Recorded information ->

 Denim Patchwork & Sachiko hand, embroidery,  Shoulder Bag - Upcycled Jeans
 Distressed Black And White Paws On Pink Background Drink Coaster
* * *
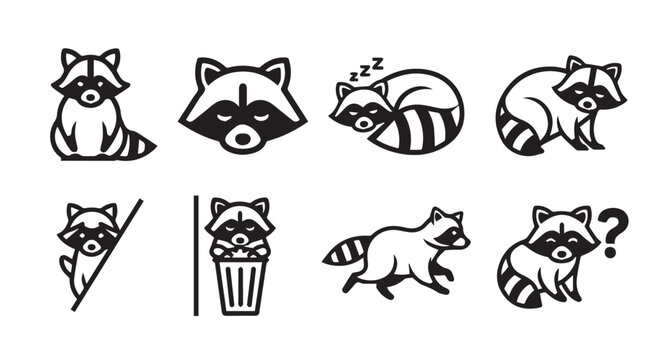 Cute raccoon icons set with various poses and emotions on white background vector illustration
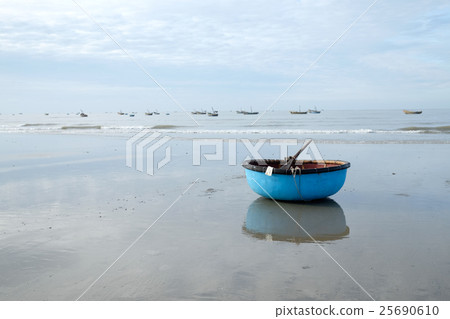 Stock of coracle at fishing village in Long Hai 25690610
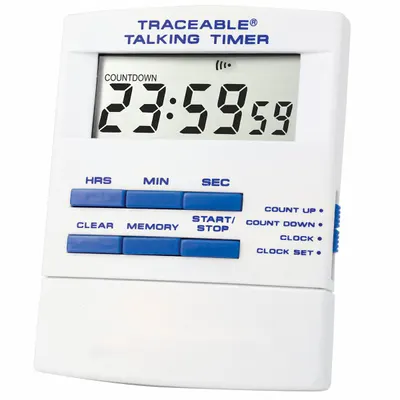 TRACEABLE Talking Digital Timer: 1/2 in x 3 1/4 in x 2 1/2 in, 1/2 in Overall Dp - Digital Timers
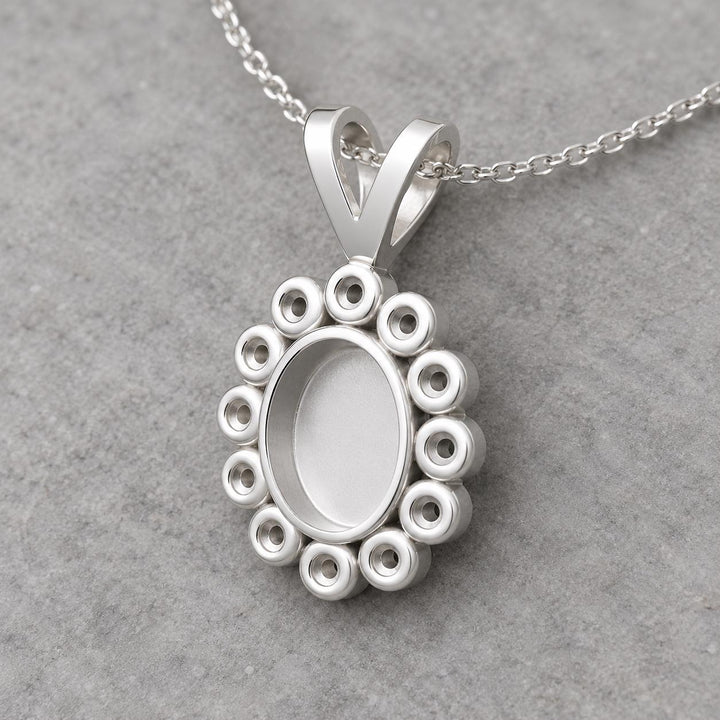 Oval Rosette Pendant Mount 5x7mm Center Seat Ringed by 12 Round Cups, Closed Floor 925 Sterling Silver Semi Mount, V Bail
==
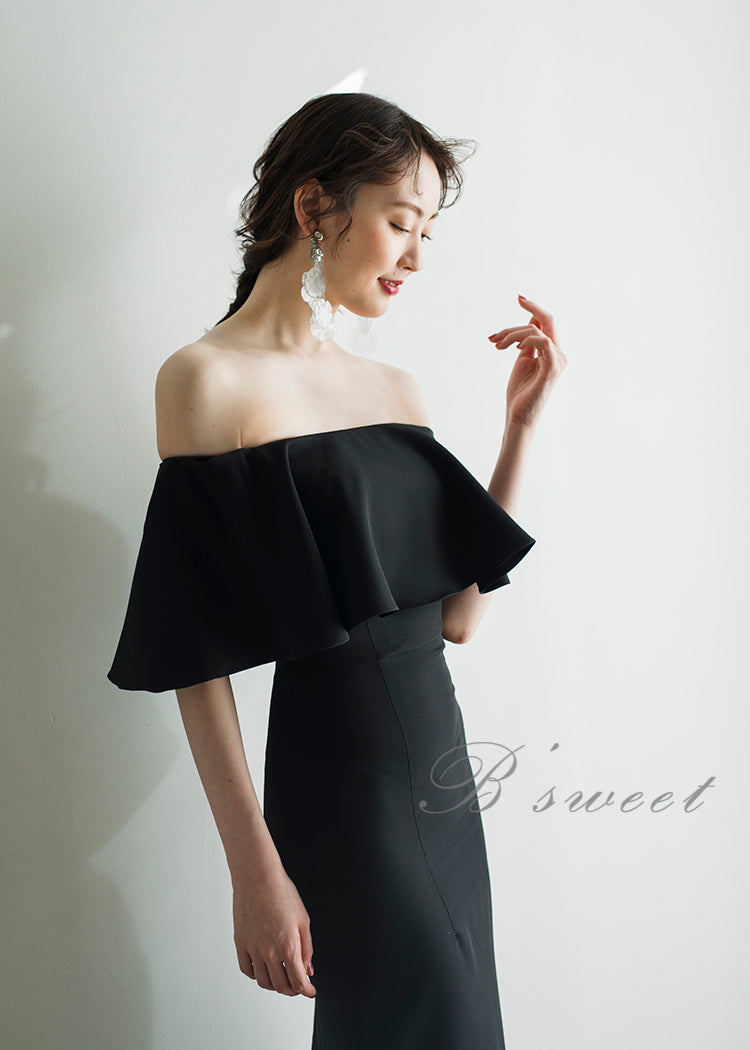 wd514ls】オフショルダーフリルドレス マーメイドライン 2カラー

Assignment -> Will you return exactly the lines above from the one with "Denim Patchwork &" down to the one with "Distressed Black And", counting both as part of the range?

Answer ->
 Denim Patchwork & Sachiko hand, embroidery,  Shoulder Bag - Upcycled Jeans
 Distressed Black And White Paws On Pink Background Drink Coaster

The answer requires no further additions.